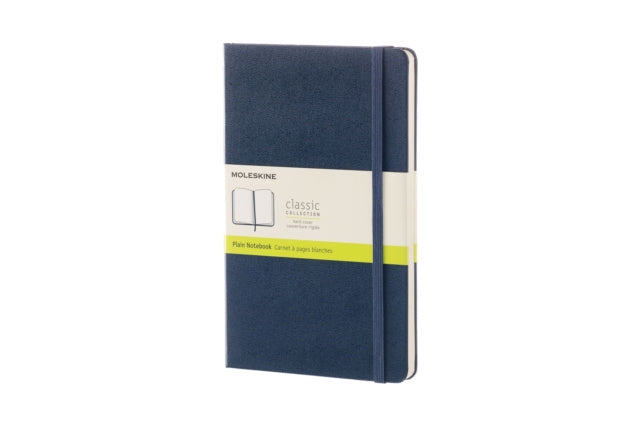 Valokuva kirjasta  Moleskine Sapphire Blue Large Plain Notebook Hard, kuuluu tuoteryhmään Muut ulkomaiset kirjat.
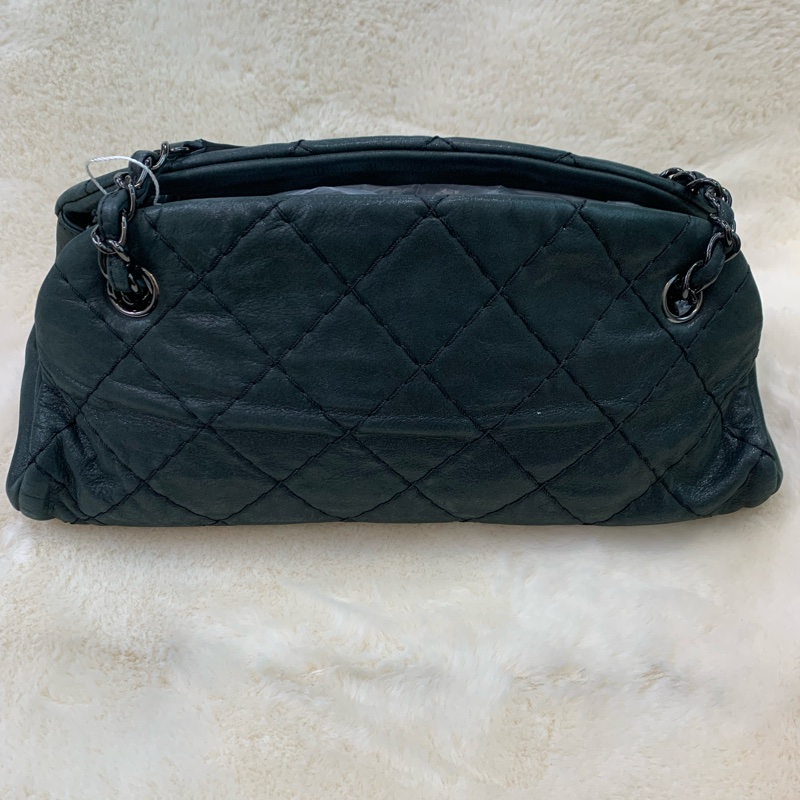 CHANEL 墨綠鏈條單肩包  XC028-1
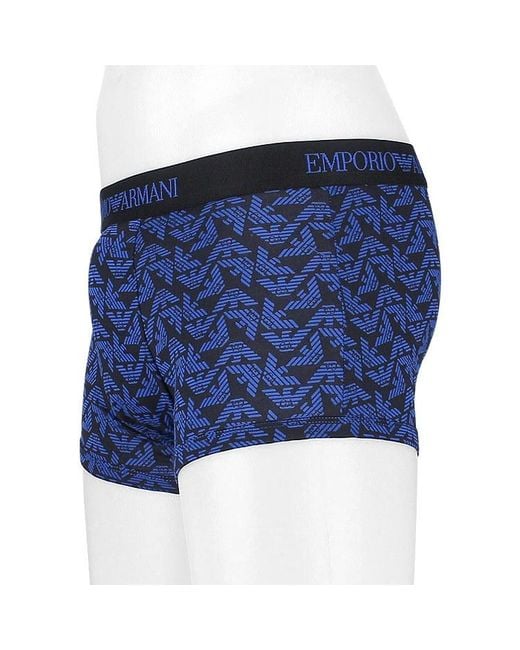 Emporio Armani Blue Three-Piece Set Of Logo Underwear for men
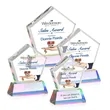 Genosee VividPrint™ Award on Base - Prismatic | https://www.bestnamebadges.com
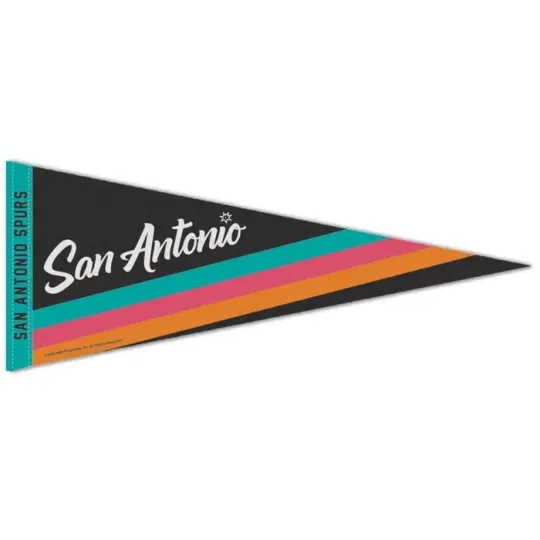 Discover San Antonio Spurs NBA City Edition 2025-2026 Triangle Pennant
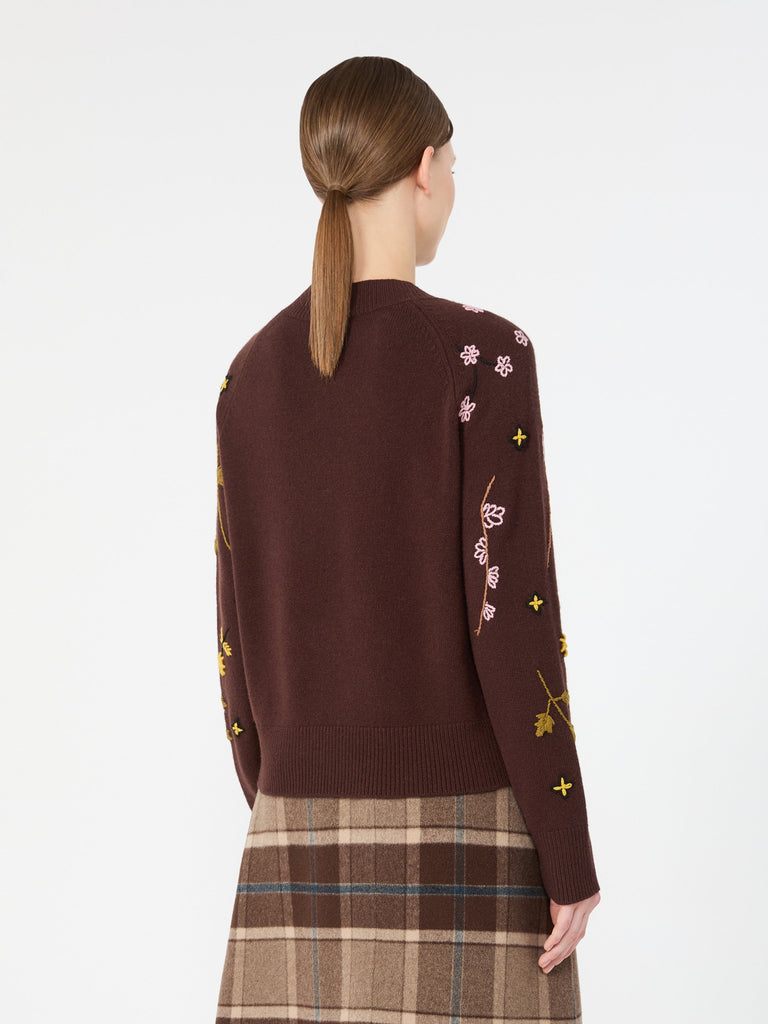 max mara embroidered wool sweater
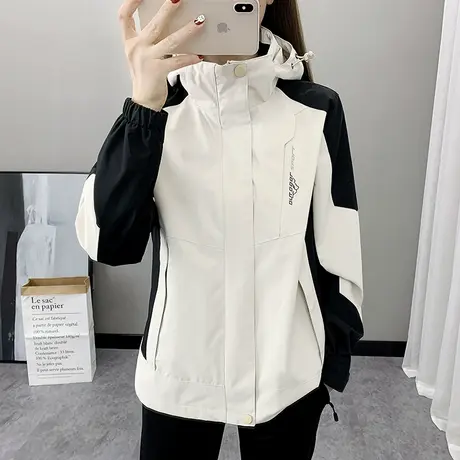 冲锋衣男女三合一可拆卸2024新款春秋冬季登山服户外夹克外套上衣商品大图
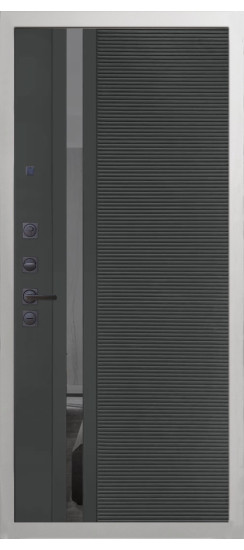 Дверь Гранит Вайт | Внешняя МДФ-панель и наличники: цвет «Белый», 10мм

***

> _Exercise_: Give every line of the listing above again, exactly, with no images.

> _Output of the task_:
 Valokuva kirjasta  Moleskine Sapphire Blue Large Plain Notebook Hard, kuuluu tuoteryhmään Muut ulkomaiset kirjat.
 CHANEL 墨綠鏈條單肩包  XC028-1
 Emporio Armani Blue Three-Piece Set Of Logo Underwear for men
 Genosee VividPrint™ Award on Base - Prismatic | https://www.bestnamebadges.com
 Discover San Antonio Spurs NBA City Edition 2025-2026 Triangle Pennant
 max mara embroidered wool sweater
 冲锋衣男女三合一可拆卸2024新款春秋冬季登山服户外夹克外套上衣商品大图
 Дверь Гранит Вайт | Внешняя МДФ-панель и наличники: цвет «Белый», 10мм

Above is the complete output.